The organizers of Fyre Festival – think: The Hunger Games, but for influencers – have reached an agreement with 277 attendees for $ 7,220 each. The New York Times reports.
Tickets to the 2017 ‘luxury’ music festival on a remote island in the Bahamas that actually turned out to be a beach full of FEMA tents and some pathetic cheese sandwiches, which cost anywhere from $ 1,000 to $ 12,000 – more if you bought a package deal. Yes, really, because the organizers of the Fyre Festival, while apparently not skilled enough to coordinate hotel bookings and a caterer, brought in big Instagram stars to praise the inaugural event, including Kendall Jenner, who donated $ 250,000 for a post she has since received. deleted.
Organizers also (falsely) claimed that the island was once owned by notorious Colombian drug lord Pablo Escobar. Weird flex, right?
Jenner did not attend the event, but she, too, paid for it last year in the form of a $ 90,000 settlement. Organizer Billy McFarland was sentenced to six years in prison in 2018 after being found guilty of allegations of telegraphic fraud. He was also ordered to pay $ 5 million to two people who paid $ 13,000 each for VIP packages (did the sandwiches come with extra slices of cheese?).

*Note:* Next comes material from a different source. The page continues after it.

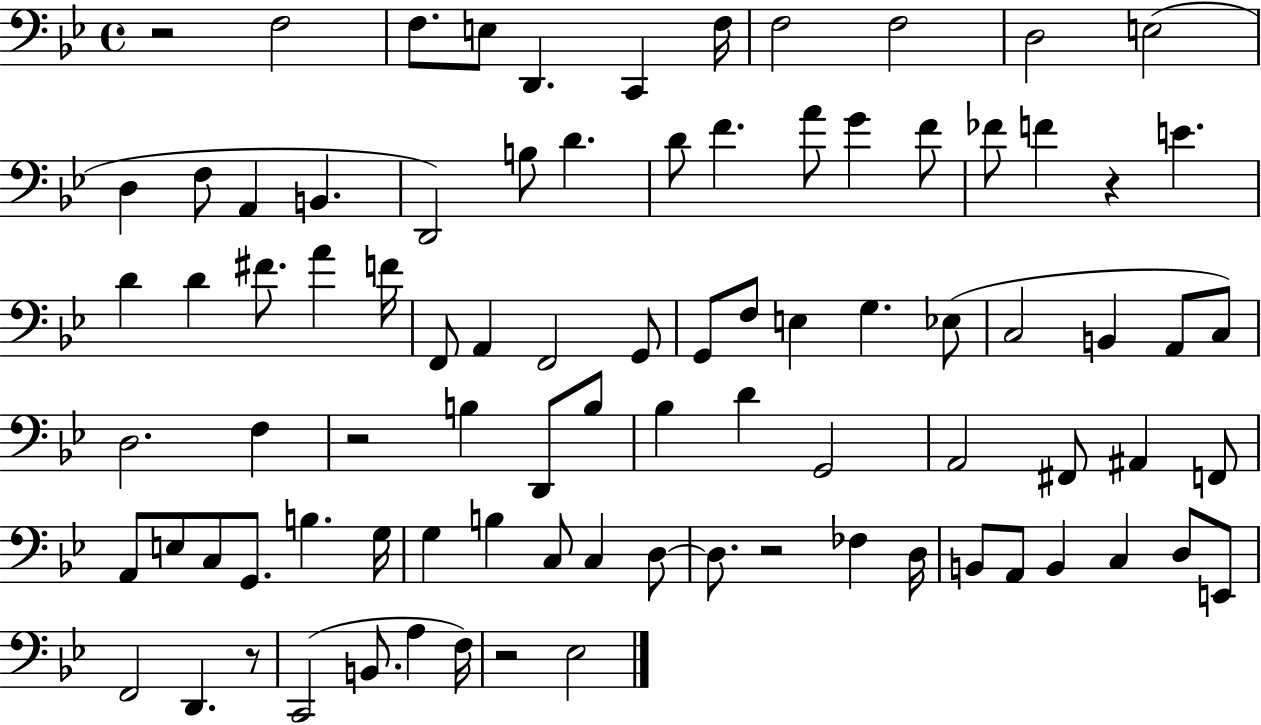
R/h F3/h F3/e. E3/e D2/q. C2/q F3/s F3/h F3/h D3/h E3/h D3/q F3/e A2/q B2/q. D2/h B3/e D4/q. D4/e F4/q. A4/e G4/q F4/e FES4/e F4/q R/q E4/q. D4/q D4/q F#4/e. A4/q F4/s F2/e A2/q F2/h G2/e G2/e F3/e E3/q G3/q. Eb3/e C3/h B2/q A2/e C3/e D3/h. F3/q R/h B3/q D2/e B3/e Bb3/q D4/q G2/h A2/h F#2/e A#2/q F2/e A2/e E3/e C3/e G2/e. B3/q. G3/s G3/q B3/q C3/e C3/q D3/e D3/e. R/h FES3/q D3/s B2/e A2/e B2/q C3/q D3/e E2/e F2/h D2/q. R/e C2/h B2/e. A3/q F3/s R/h Eb3/h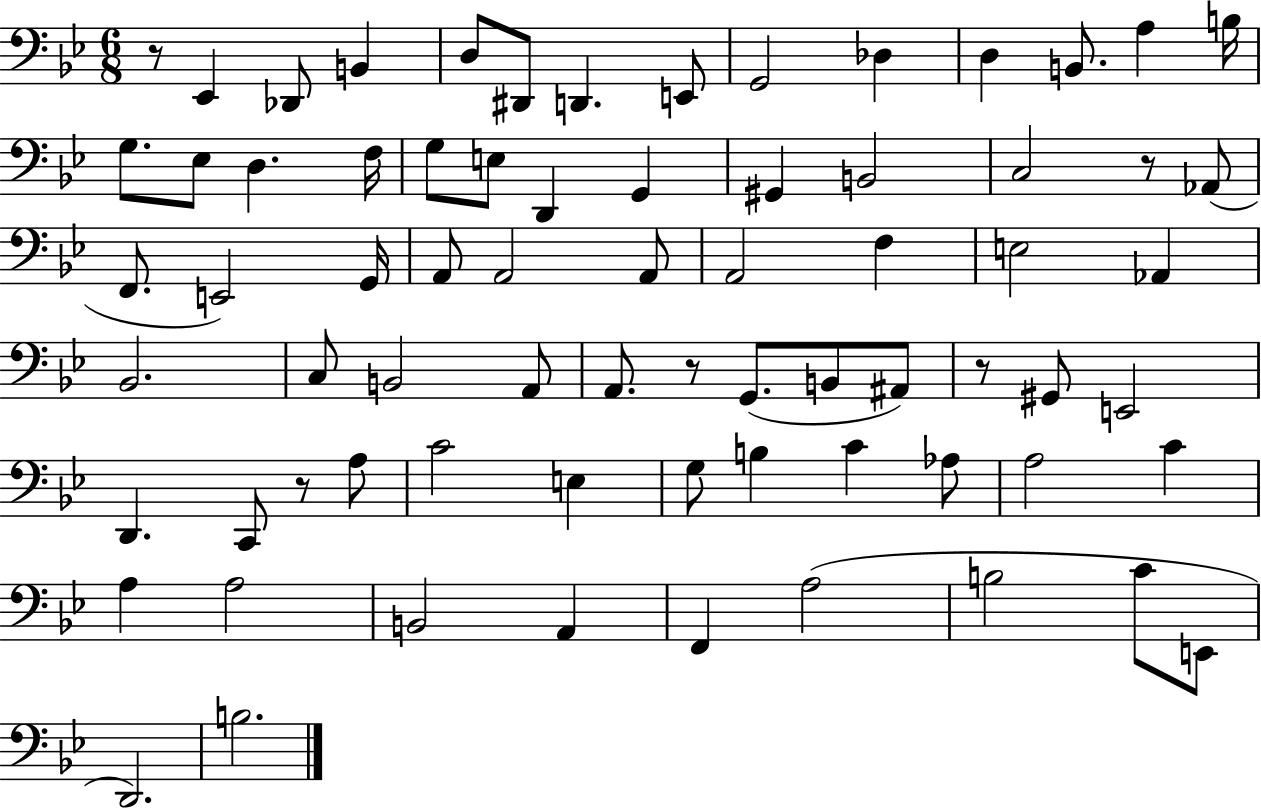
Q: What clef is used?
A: bass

McFarland’s business partner, rapper Ja Rule, was cleared of wrongdoing.
The festival that became a go-to example of gloating and (yet another) cautionary tale of believing Sponcon on social media ended up being the source of two documentaries, for Hulu and Netflix. And because time is a flat circle, Fyre Fest’s “dinner” tweet is being put up for auction as NFT, but the money there should at least go to a good cause: original tweeter Trevor DeHaas undergoes a kidney transplant and says he To raise $ 80,000 for medical expenses.
The $ 2 million class-action settlement, reached Tuesday in the U.S. Bankruptcy Court in New York’s Southern District, is currently awaiting final approval, with a hearing scheduled for May 13.
The final amount attendees receive may eventually be reduced depending on what happens to other creditors in Fyre Festival’s bankruptcy case. But at least the cardholders have already had some practice in getting less than they were promised.